[[ Collected material open ]]
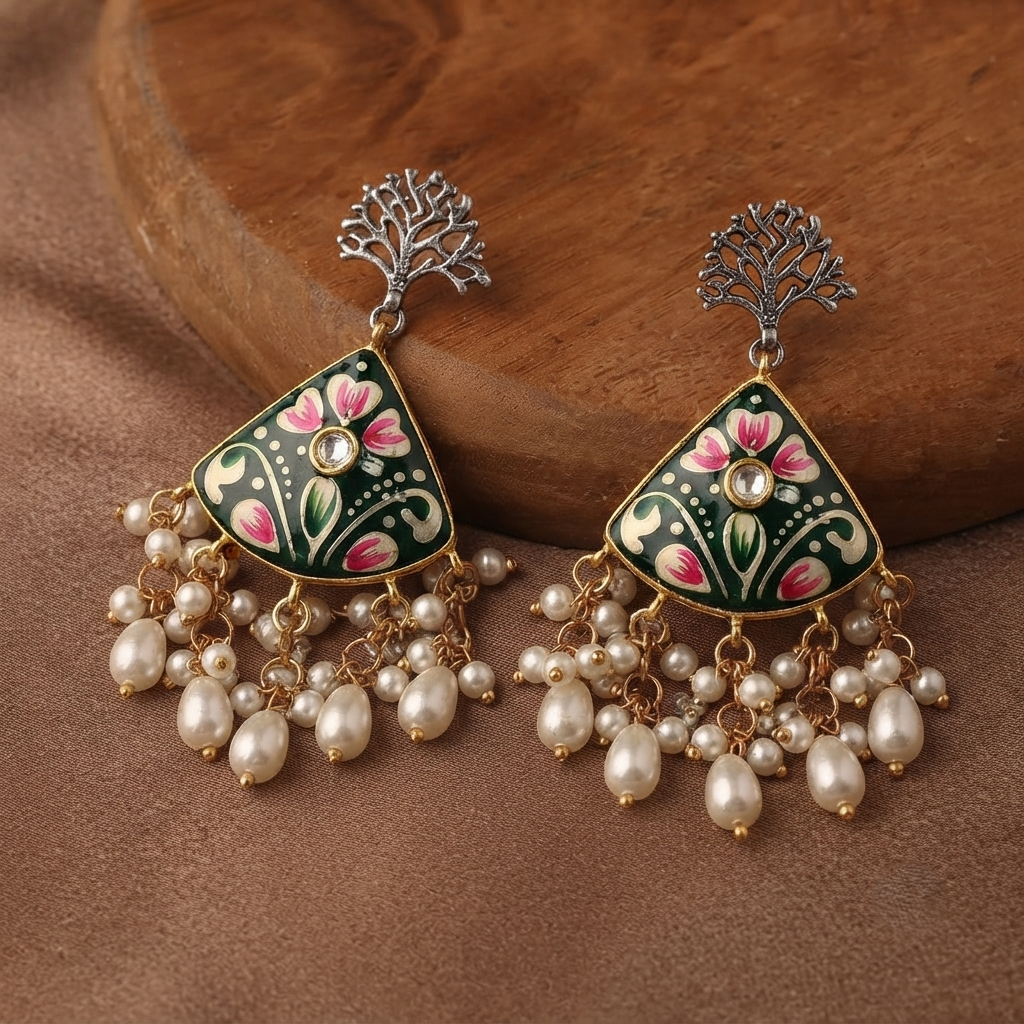 SUSHEE Hand-Painted Jaipuri Heritage Earrings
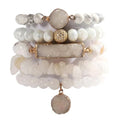 Yomisa 5PCS 6PCS Natural Boho Beaded Bracelets/Bangle for Women Men,Healing Turquoise Jasper Agate Crystal Gemstone Stone Chakra Multilayer Wrap Bohemian Handmade Jewelry Beads Stretch Bracelet Set - color: 5PCS-White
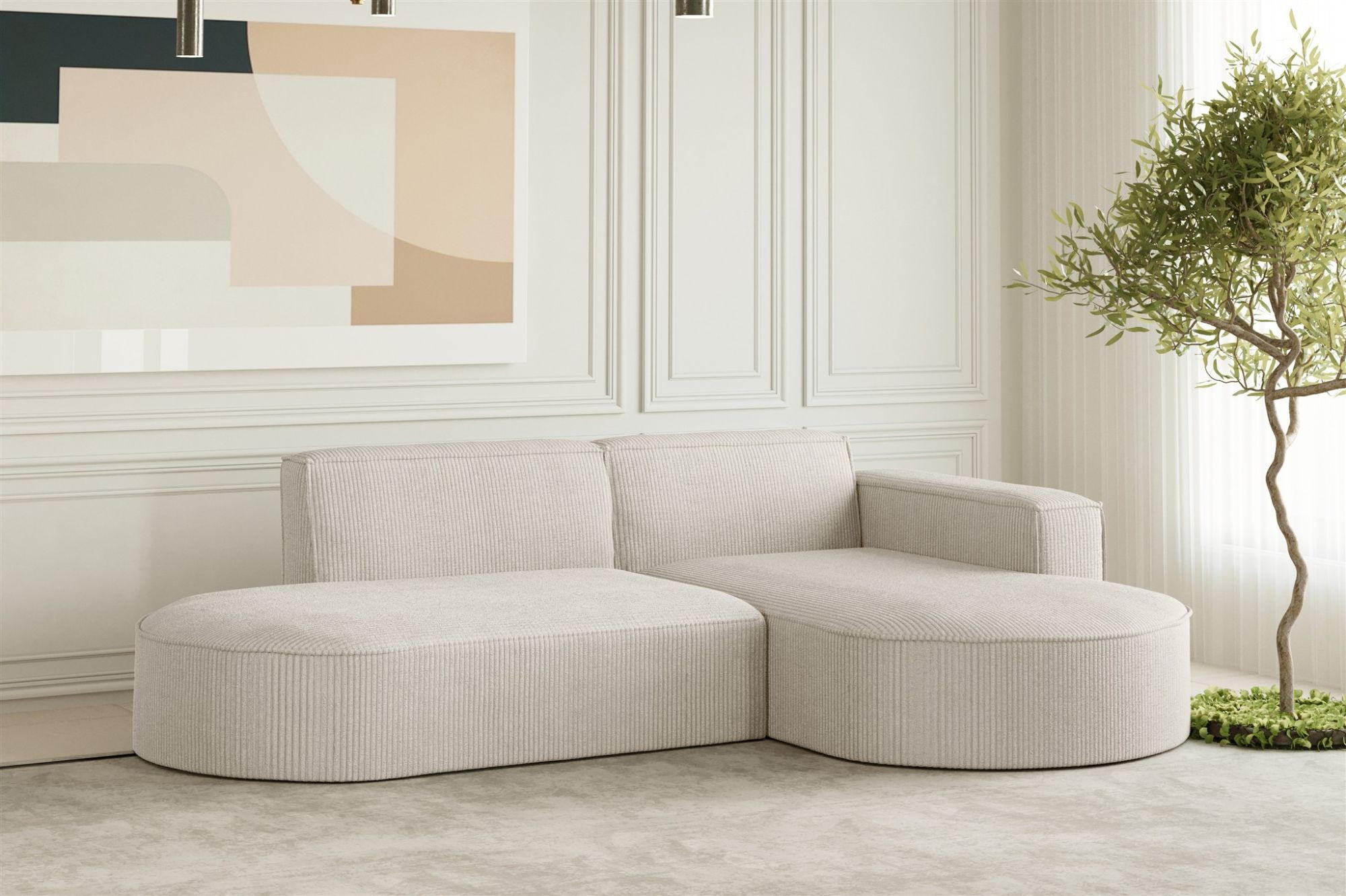 Thumbnail - Fun Möbel Sofaset, Beige, Textil, Ottomane rechts, 236x78x165 cm, Wohnzimmer, Sofas & Couches, Sitzgarnituren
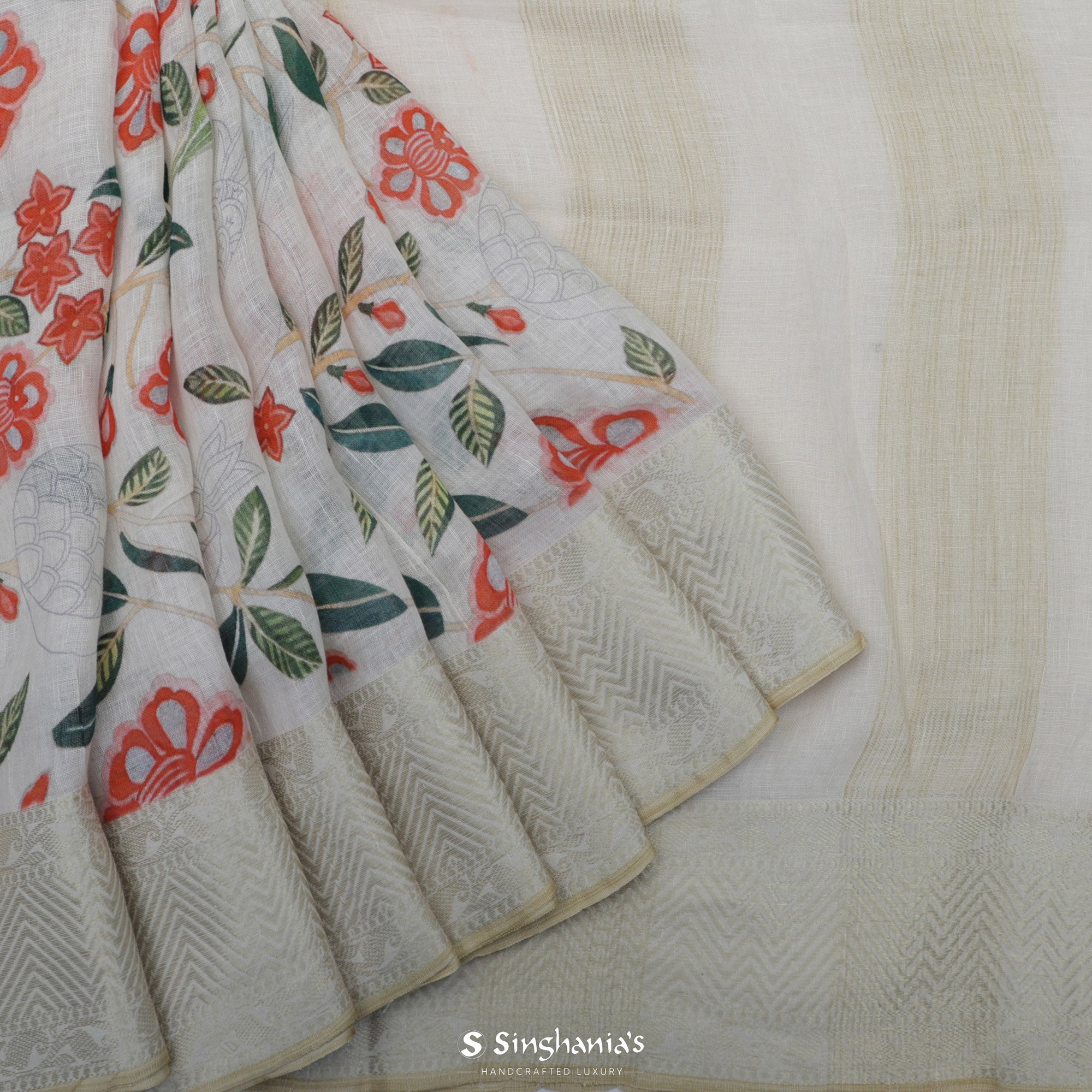 Retro White Printed Linen Saree With Floral Jaal Design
[[ Collected material closed ]]
**What this task involves:**
The task requires the full listing to be given again verbatim, without its pictures.

**Response:**
 SUSHEE Hand-Painted Jaipuri Heritage Earrings
 Yomisa 5PCS 6PCS Natural Boho Beaded Bracelets/Bangle for Women Men,Healing Turquoise Jasper Agate Crystal Gemstone Stone Chakra Multilayer Wrap Bohemian Handmade Jewelry Beads Stretch Bracelet Set - color: 5PCS-White
 Thumbnail - Fun Möbel Sofaset, Beige, Textil, Ottomane rechts, 236x78x165 cm, Wohnzimmer, Sofas & Couches, Sitzgarnituren
 Retro White Printed Linen Saree With Floral Jaal Design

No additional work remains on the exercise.